The operating pattern is deliberately constrained. Yet To Name opens Saturday through Wednesday, from 10.30am, and the daily allocation tends to sell out by early afternoon. Queues form within minutes of opening on weekends. For anyone hoping to try the bowls before the pop-up ends, the practical advice is to arrive before opening rather than at lunchtime. There is no reservation system, and the counter format means turnover is steady but not rapid.
The wider phenomenon is worth noting. Singapore's fine-dining contraction over the last two years has pushed a number of senior chefs into more compact, lower-overhead formats: counter omakase, residencies inside coffee shops, weekend-only kitchens inside cocktail bars. Yet To Name fits that pattern. Rents in older arcades like Orchard Plaza, Far East Plaza and Peninsula Plaza remain a fraction of what newer mall units command, which is precisely why these buildings have become incubators for chef-driven concepts that would not survive in Ion Orchard or Paragon.
For foreign residents weighing Orchard as a place to live rather than simply shop, the pop-up is a small but useful data point. The neighbourhood is shifting in texture. The luxury frontage along the main road remains intact, but the side arcades are increasingly where the more interesting food and retail energy sits. That mix, polished spine with rough-edged backstreets, is what gives the district its character as a residential address, and what distinguishes it from the more uniformly curated Marina Bay or Sentosa Cove enclaves.

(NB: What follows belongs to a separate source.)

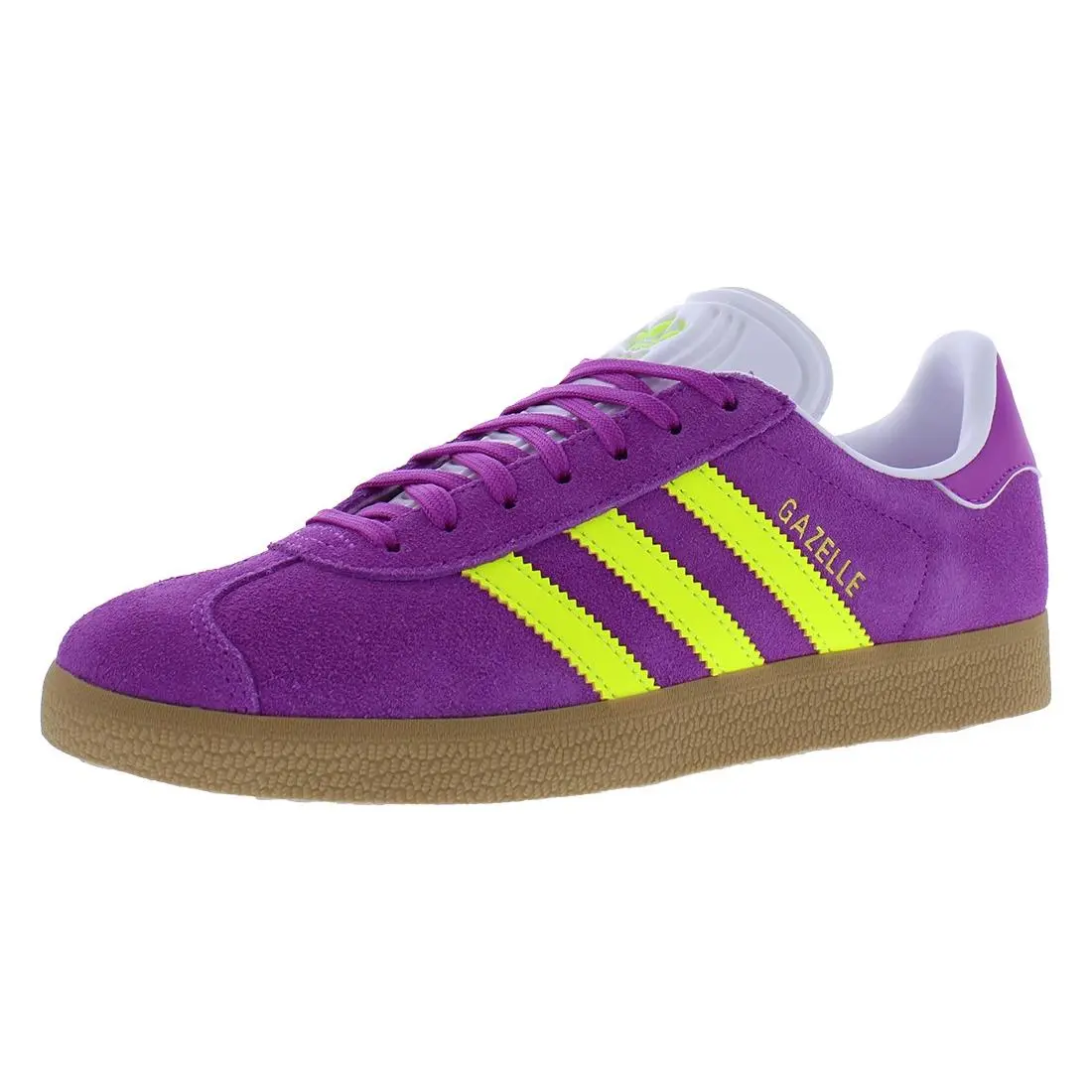 Adidas shoes - Purple Burst/Solar Yellow/Off White, Main: Purple 0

Yet To Name is not halal-certified. The counter occupies a small unit at 150 Orchard Road, on the first floor of Orchard Plaza. Whether Imamura takes the concept into a permanent space after July remains unclear, but the pop-up's reception suggests demand exists for fish-led ramen pitched between casual pricing and fine-dining technique. For now, it is a fifteen-dollar argument for arriving at Orchard before lunchtime.